A 21h12, Arlette Chabot s’inquiéta : « vous allez bien leur lâcher quelque chose » aux syndicats ? Du genre : pitié, faites une annonce, sinon l’audimat va creuser le fond de l’océan… Héals, il n’y eu pas d’annonce. Pas plus sur une réforme de la réforme des retraites que sur son éventuel départ de Matignon, ni sur le remaniement pourtant annoncé, ni sur le pactole de Bernard Tapie ou le scandale Bettencourt. A 21 h 30, le ron-ron s’arrêta.
Par contraste, Bernard Thibault et François Chérèque apparurent percutants. Représentants de quelque 2,5 millions de manifestants, ils eurent droit à quelques minutes de figuration intelligente. C’était toujours ça de pris.

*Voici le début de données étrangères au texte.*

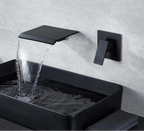 Splash-Reducing Ceramic Disc Waterfall Faucet (Wall Or Deck Mount)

Ségolène Royal s’installa ensuite dans le fauteuil où François Fillon peinait quelques instants auparavant. Un moment on craignit le pire : « Il n’y a pas de réponse à un problème complexe », dit –elle. Cela semblait reparti pour un tour. Puis elle bifurqua. La présidente de Charentes-Poitou en appela aux mânes de François Mitterrand, racontant le dernier conseil des ministres du défunt président, en 1993 : « Il nous a légué un talisman politique : vous verrez nous dit-il, que la droite fera tout pour remettre en cause la liberté de prendre sa retraite à 60 ans. Vous vous battrez le dos au mur… ». On a failli pleurer.